Judging by the positioning of the questions, my guess is that the "statistical purposes" have to do with gathering data about the demographics of the populations served by various VITA programs. I admit that I had never thought about the significance of that part of the form in light of Professor Bearer-Friend's question, "Should the IRS know your race?" I'd love to know more about how this data is used and what it reveals. Sometimes the IRS does ask directly about a taxpayer's race.

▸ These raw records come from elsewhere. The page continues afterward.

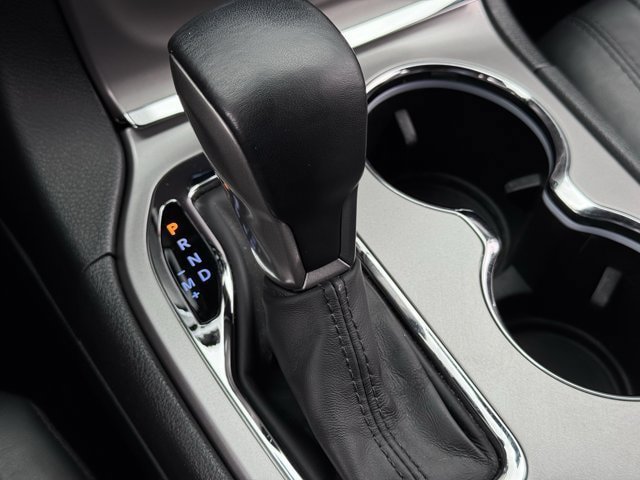 Used 2020 Jeep Grand Cherokee Limited RWD image 20
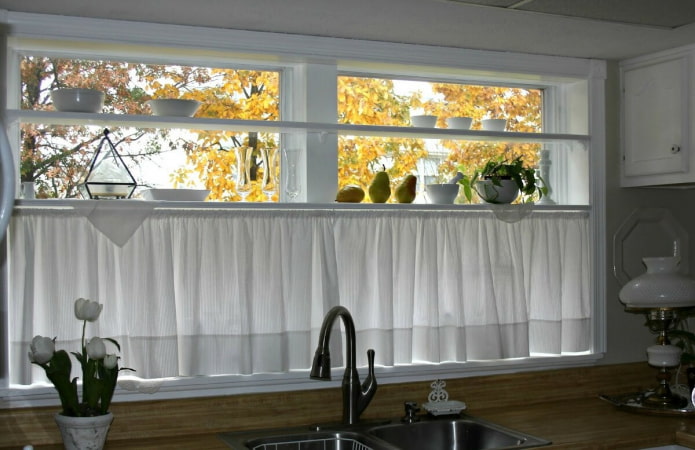 Cortinas em uma cornija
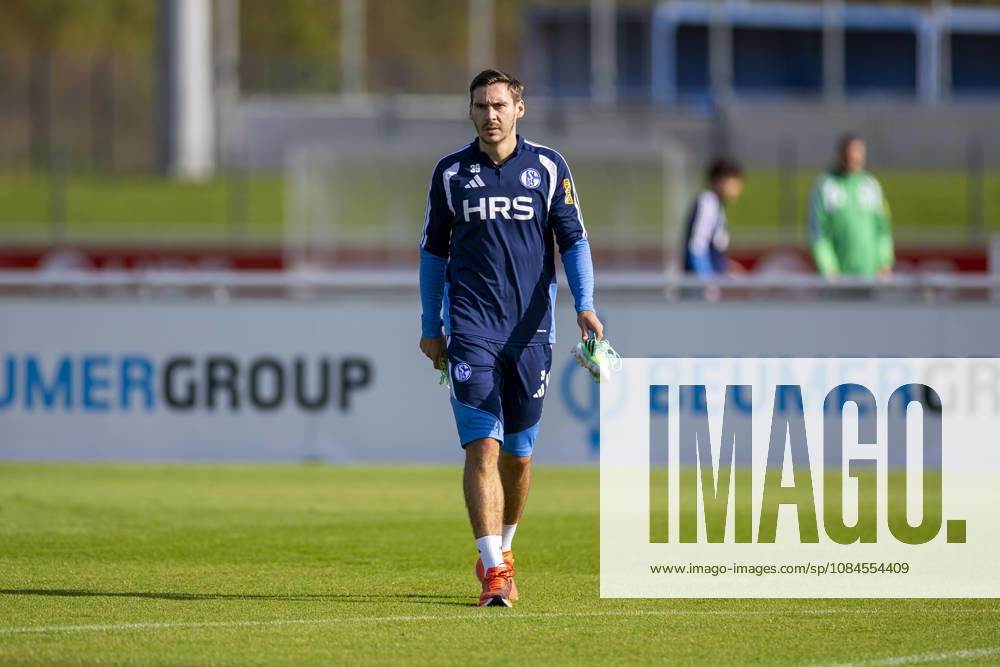 Soccer, FC Schalke 04 practice Maximilian Wöber FC Schalke 04 Gelsenkirchen FC Schalke 04 training facility NRW Germany xRHR PHOTO YYx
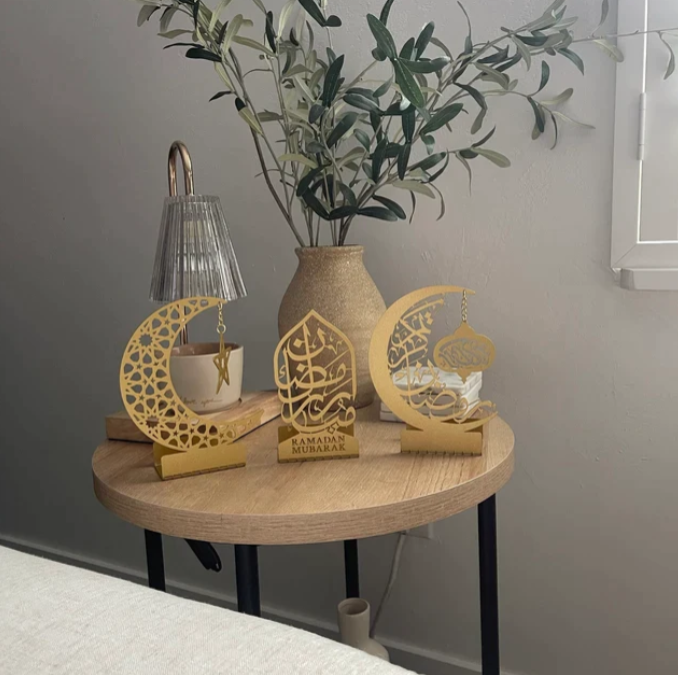 benjashop – wholesale Candle holder – Ramadan Mubarak 3-Piece Metal Candle Holder Set5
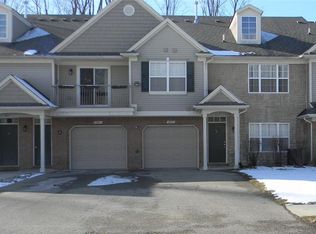 49225 W Woods Dr, Shelby Township, MI 48317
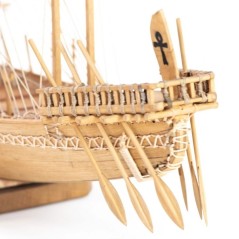 BARCO EGIPCIO AMATI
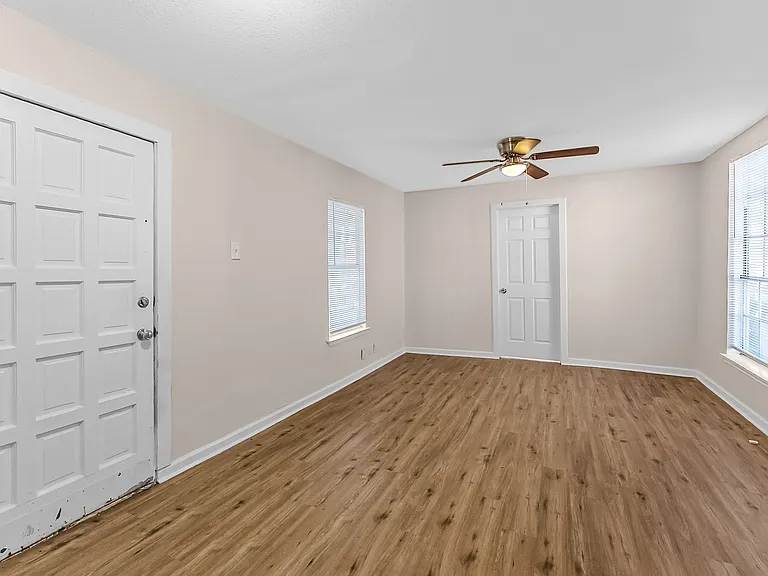 827 W Rosewood Ave #6 — Photo 18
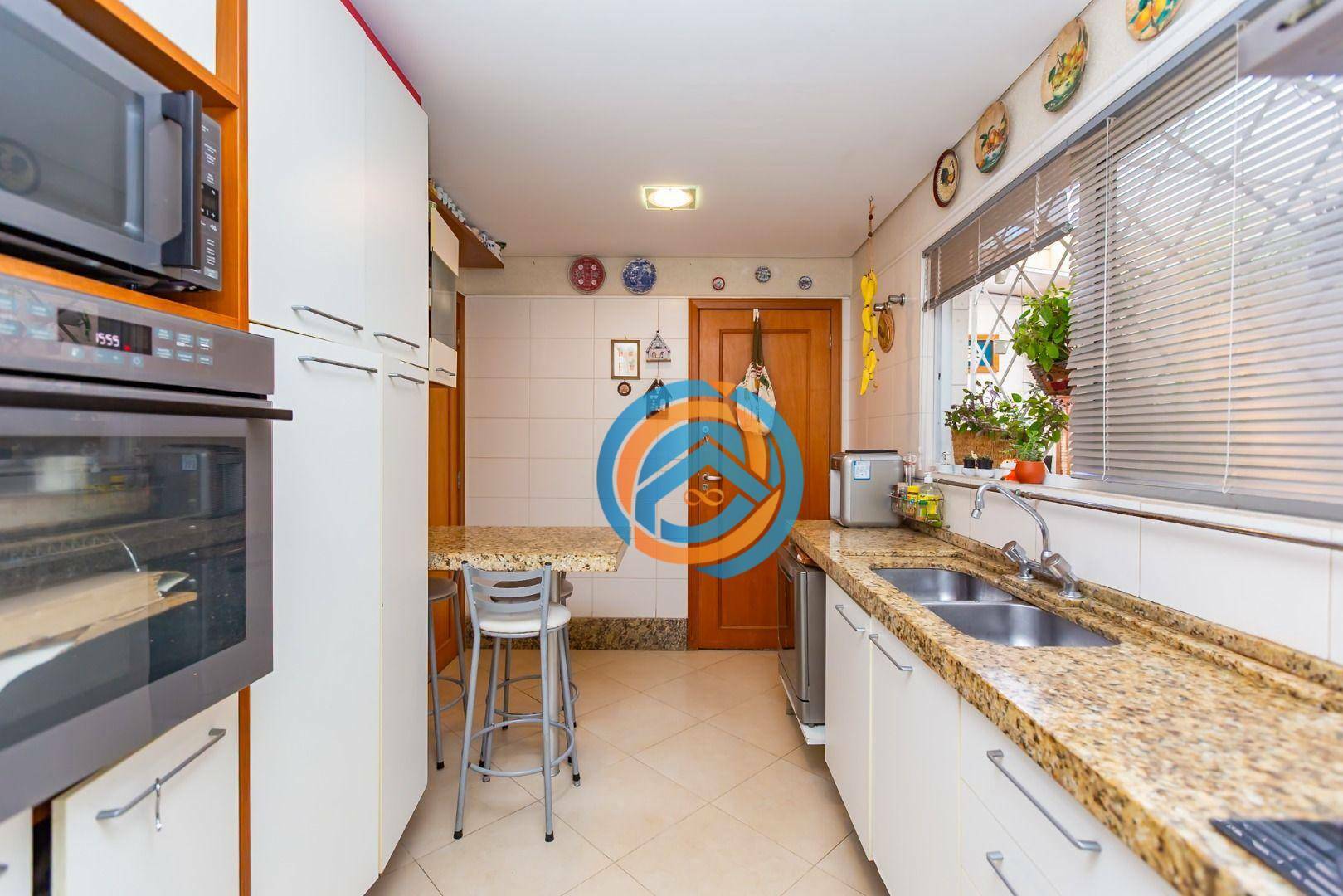 Sobrado à venda com 5 quartos, 220m² - Foto 52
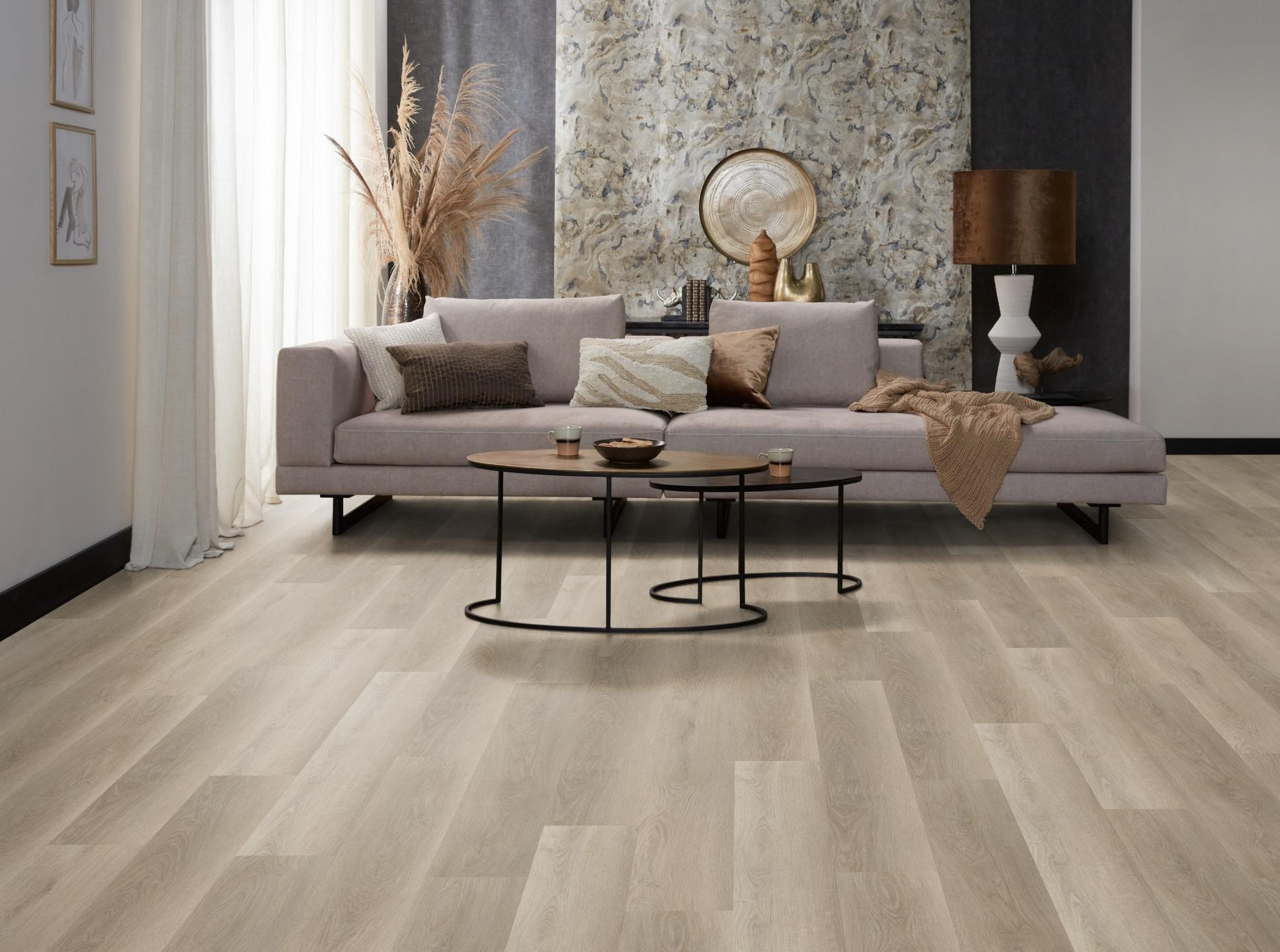 Milieubild Modernes, freundliches Wohnzimmer mit Sofa und Wandtapete - nexflor NXF-60030-016
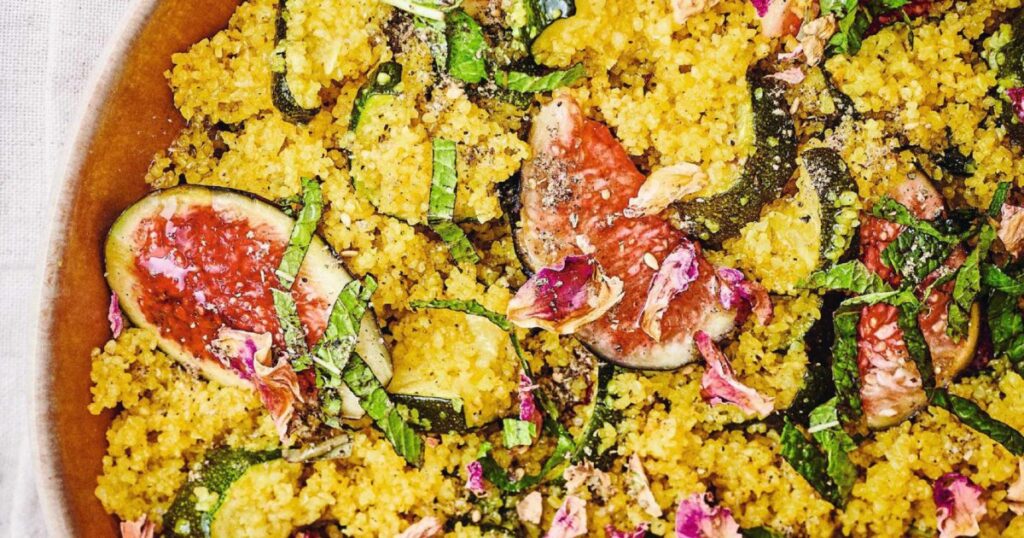 Quinze recettes de salades légères adaptées aux produits de saison en automne.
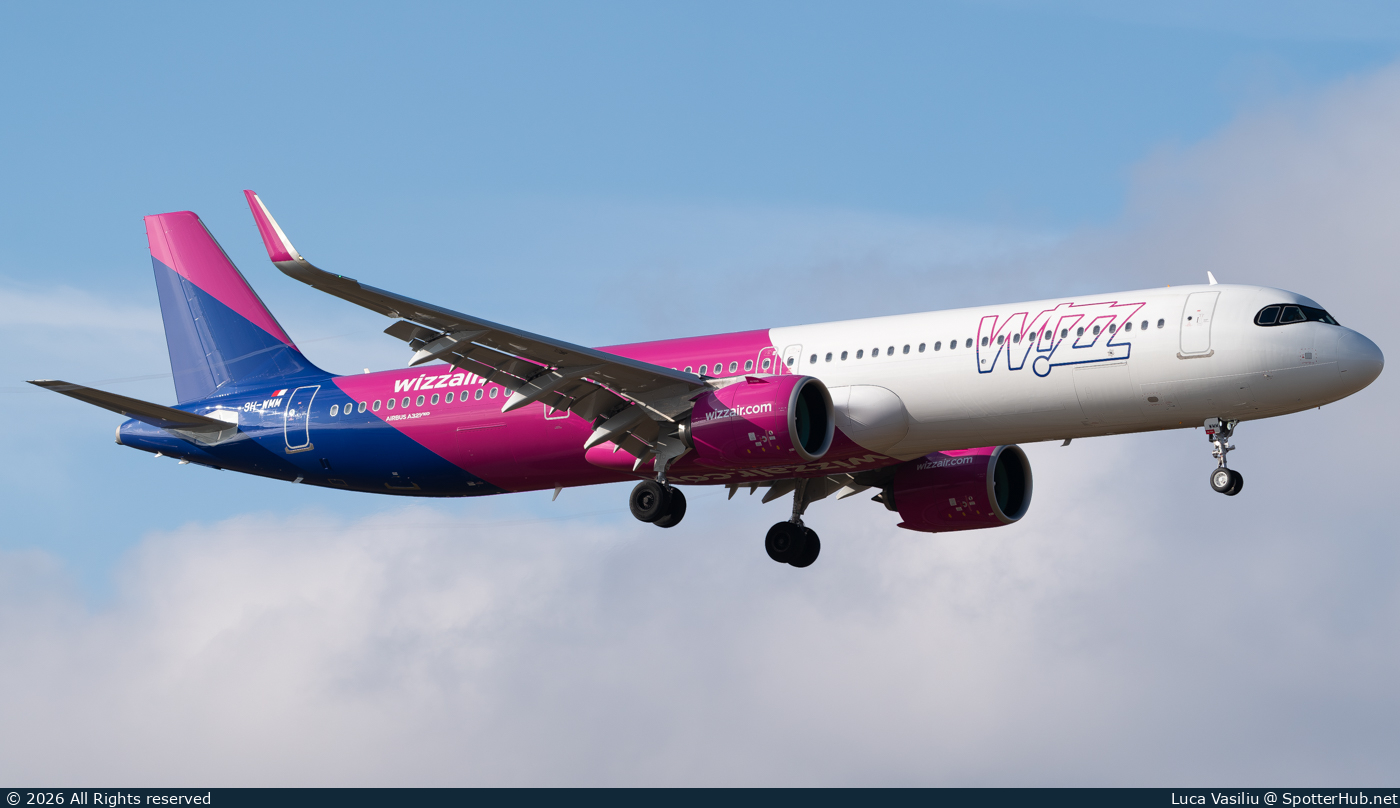 Photo of 9H-WMM - Airbus A321-271NX operated by Wizz Air Malta
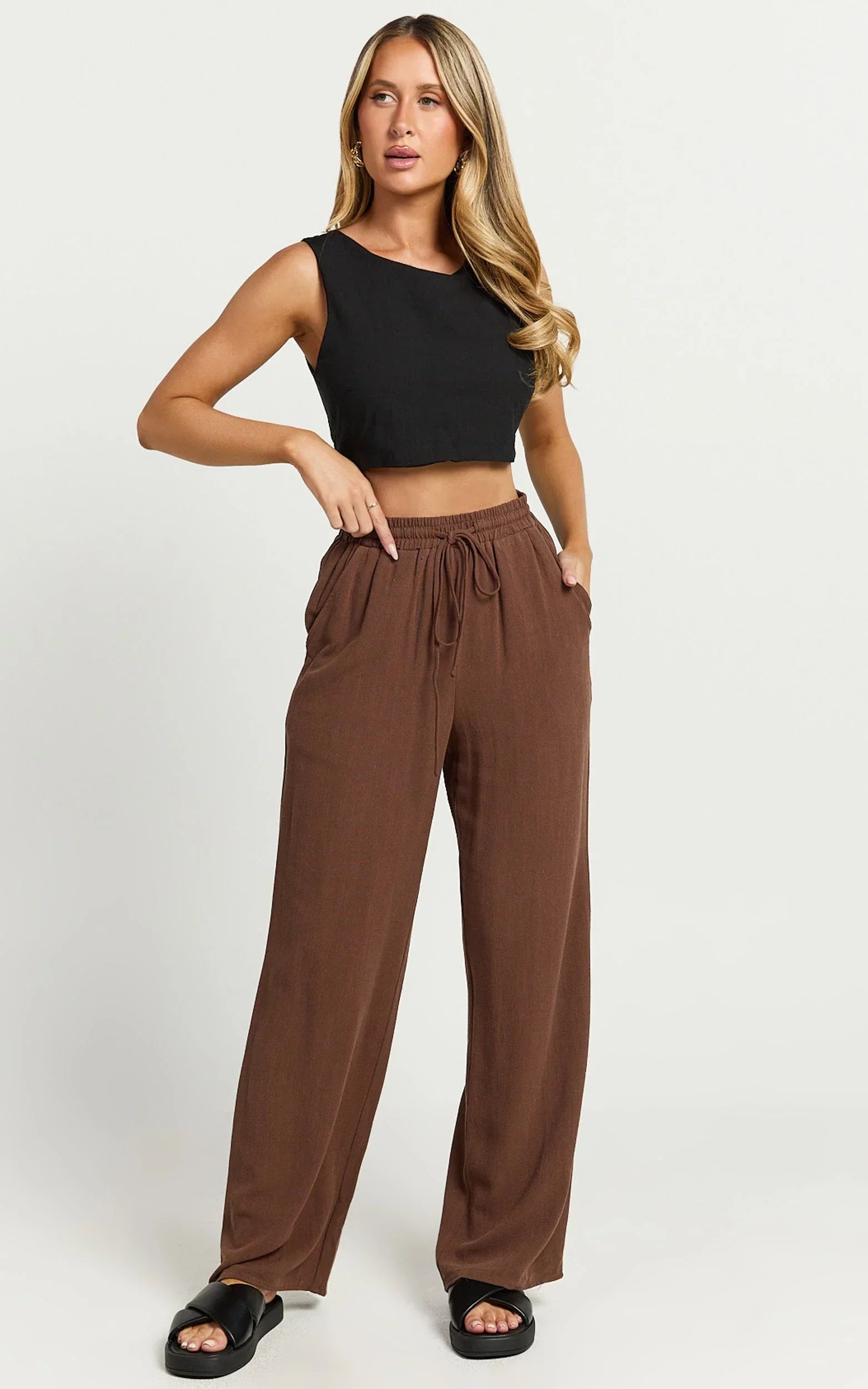 Kala Pants - Mid Waisted Relaxed Elastic Waist Pants in Chocolate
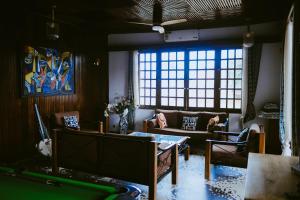 a living room with couches and a table at La Villa Saint Jean in Cotonou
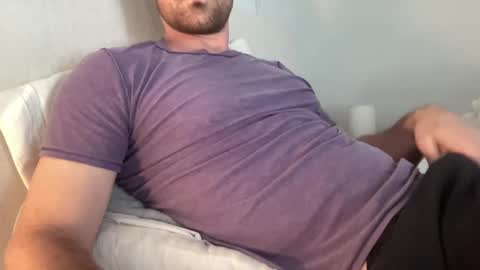 Snapshot of bigcollegecock69690 chatting on December 19, 5:18 pm bigcollegecock69690 online show from December 19, 5:18 pm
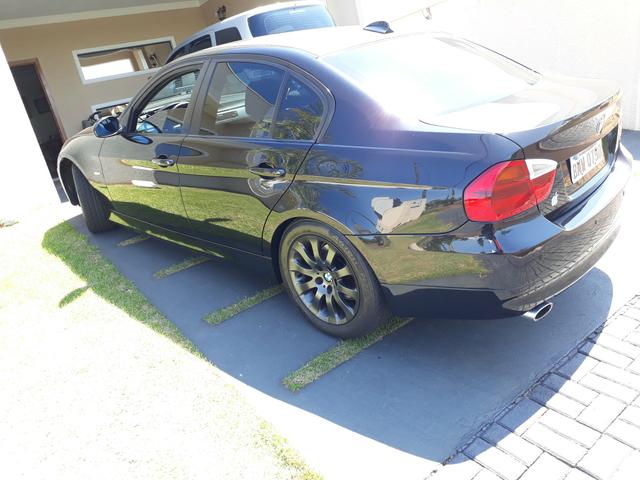 BMW 320 i a top de linha - Foto 3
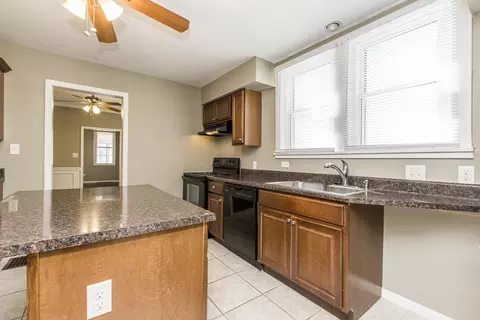 803 Bunn St, Bloomington, IL 61701 photo 14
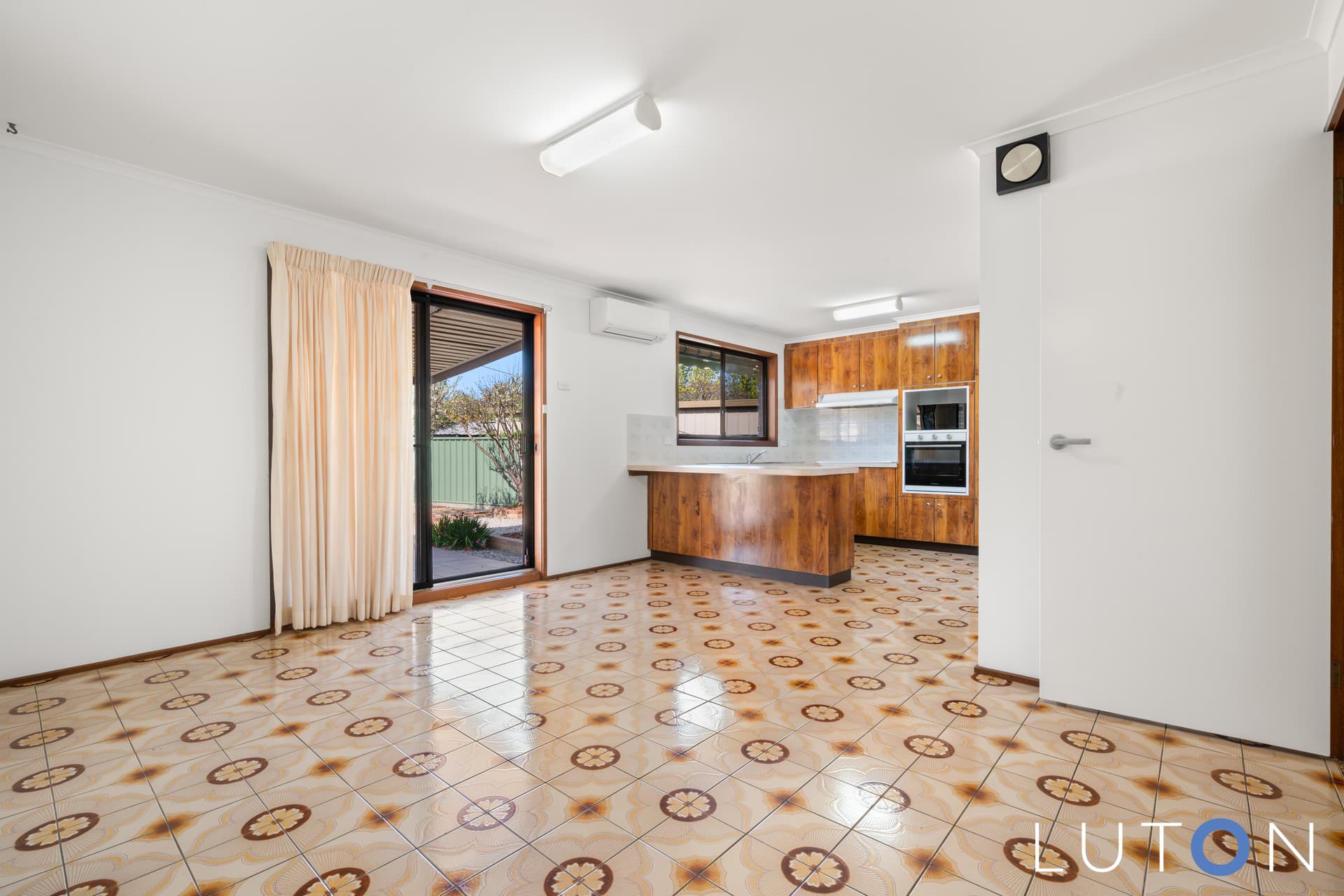 9 Garrick Street, Fadden ACT 2904, Fadden - Thumbnail 5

Thank you for the shout out Bridget and cheers to your amazing students for diving into this work! I believe the form is the result of a second term Obama Treasury reg, after Treasury had been dragging its feet for decades on complying with the Civil Rights Act of 1964. Under that Act, grantees of the federal government must show that they do not discriminate against beneficiaries, and in the late 70s DOJ required standardized collection of race data to prove that. But Treasury wasn't requiring VITA site grantees to collect the data until a few years ago. Here's the cite for the Treasury Reg requiring the collection and how they use the data. Regulation Regarding Nondiscrimination on the Basis of Race, Color, or National Origin in Programs or Activities Receiving Federal Financial Assistance, 81 Fed. Reg. 89,852 (Dec. 13, 2016) (to be codified at 31 C.F.R. pt. 22). The ironic thing about it is that we now have higher standards for reviewing the nondiscrimination conduct of Treasury grantees than we do for IRS and Treasury themselves. Something we need to change!